▶ [WHAT TO PRODUCE] Retype only what runs from the line that contains "Manta Polar Navidades" through the last line of the listing below, both lines included.

▶ [DATA IN THIS EXERCISE]
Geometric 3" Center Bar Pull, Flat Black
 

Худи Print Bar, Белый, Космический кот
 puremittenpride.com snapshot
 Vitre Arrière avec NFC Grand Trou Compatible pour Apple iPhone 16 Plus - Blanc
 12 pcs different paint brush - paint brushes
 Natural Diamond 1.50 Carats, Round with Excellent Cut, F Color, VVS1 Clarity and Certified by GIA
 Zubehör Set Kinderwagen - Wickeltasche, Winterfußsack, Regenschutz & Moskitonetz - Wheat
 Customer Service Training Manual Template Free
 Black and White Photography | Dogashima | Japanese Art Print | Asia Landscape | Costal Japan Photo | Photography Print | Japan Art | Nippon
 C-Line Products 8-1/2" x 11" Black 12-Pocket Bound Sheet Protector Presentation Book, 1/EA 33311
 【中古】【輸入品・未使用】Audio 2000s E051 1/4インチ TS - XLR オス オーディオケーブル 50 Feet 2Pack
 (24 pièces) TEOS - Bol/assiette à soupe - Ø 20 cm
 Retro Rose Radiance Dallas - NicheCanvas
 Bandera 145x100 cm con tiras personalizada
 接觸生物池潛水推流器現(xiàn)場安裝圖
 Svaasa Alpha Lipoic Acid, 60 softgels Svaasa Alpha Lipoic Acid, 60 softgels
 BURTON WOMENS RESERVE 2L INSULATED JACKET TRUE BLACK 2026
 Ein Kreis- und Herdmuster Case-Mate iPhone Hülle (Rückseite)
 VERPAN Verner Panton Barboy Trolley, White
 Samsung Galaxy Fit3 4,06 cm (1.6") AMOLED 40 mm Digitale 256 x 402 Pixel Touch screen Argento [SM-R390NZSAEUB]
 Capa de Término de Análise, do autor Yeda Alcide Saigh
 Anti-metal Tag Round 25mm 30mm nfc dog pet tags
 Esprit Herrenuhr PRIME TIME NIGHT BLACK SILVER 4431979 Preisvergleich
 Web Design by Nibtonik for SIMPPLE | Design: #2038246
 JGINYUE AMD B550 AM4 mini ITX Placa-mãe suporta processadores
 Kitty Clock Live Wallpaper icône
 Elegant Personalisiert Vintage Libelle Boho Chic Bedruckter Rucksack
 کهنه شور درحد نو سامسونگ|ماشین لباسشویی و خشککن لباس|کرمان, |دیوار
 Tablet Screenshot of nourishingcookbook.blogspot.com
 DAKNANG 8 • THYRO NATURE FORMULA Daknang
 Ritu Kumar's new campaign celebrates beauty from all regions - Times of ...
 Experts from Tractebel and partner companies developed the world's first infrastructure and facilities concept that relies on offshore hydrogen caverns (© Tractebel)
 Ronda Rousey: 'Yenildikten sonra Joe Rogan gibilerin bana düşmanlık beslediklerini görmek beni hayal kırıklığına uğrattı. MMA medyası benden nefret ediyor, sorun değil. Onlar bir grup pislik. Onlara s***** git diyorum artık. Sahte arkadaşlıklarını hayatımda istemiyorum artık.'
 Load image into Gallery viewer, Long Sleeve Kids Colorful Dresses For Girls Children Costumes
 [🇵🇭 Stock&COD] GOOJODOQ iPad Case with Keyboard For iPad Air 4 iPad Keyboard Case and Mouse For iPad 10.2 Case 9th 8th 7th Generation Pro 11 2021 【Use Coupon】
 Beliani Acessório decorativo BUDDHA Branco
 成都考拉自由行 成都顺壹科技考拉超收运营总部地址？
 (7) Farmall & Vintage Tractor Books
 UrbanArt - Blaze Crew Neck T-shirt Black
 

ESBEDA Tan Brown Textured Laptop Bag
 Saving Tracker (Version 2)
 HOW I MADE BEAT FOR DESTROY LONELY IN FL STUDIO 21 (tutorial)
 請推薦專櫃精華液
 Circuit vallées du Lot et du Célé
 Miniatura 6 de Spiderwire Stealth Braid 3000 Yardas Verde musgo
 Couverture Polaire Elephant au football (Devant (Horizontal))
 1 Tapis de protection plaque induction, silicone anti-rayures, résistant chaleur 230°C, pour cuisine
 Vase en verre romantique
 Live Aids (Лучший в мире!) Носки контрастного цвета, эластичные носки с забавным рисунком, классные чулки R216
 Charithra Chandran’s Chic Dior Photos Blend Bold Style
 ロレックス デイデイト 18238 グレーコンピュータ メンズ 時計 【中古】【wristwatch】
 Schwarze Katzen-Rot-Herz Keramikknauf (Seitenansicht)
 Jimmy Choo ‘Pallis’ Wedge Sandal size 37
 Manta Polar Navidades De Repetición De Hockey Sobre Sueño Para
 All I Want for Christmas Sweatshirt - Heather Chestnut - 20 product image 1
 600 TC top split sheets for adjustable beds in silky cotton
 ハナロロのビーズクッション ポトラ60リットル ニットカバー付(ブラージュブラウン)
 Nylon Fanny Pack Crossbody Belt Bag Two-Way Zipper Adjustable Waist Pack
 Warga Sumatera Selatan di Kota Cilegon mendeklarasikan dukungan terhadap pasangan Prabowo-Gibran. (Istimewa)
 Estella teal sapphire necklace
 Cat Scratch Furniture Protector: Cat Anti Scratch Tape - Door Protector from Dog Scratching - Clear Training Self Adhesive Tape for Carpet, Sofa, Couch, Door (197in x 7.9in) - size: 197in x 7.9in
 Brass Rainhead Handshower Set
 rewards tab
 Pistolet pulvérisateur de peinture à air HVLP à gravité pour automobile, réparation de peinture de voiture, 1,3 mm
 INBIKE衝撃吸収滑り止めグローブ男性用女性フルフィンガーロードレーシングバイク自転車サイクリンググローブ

▶ [RESPONSE TO THE TASK]
 Manta Polar Navidades De Repetición De Hockey Sobre Sueño Para
 All I Want for Christmas Sweatshirt - Heather Chestnut - 20 product image 1
 600 TC top split sheets for adjustable beds in silky cotton
 ハナロロのビーズクッション ポトラ60リットル ニットカバー付(ブラージュブラウン)
 Nylon Fanny Pack Crossbody Belt Bag Two-Way Zipper Adjustable Waist Pack
 Warga Sumatera Selatan di Kota Cilegon mendeklarasikan dukungan terhadap pasangan Prabowo-Gibran. (Istimewa)
 Estella teal sapphire necklace
 Cat Scratch Furniture Protector: Cat Anti Scratch Tape - Door Protector from Dog Scratching - Clear Training Self Adhesive Tape for Carpet, Sofa, Couch, Door (197in x 7.9in) - size: 197in x 7.9in
 Brass Rainhead Handshower Set
 rewards tab
 Pistolet pulvérisateur de peinture à air HVLP à gravité pour automobile, réparation de peinture de voiture, 1,3 mm
 INBIKE衝撃吸収滑り止めグローブ男性用女性フルフィンガーロードレーシングバイク自転車サイクリンググローブ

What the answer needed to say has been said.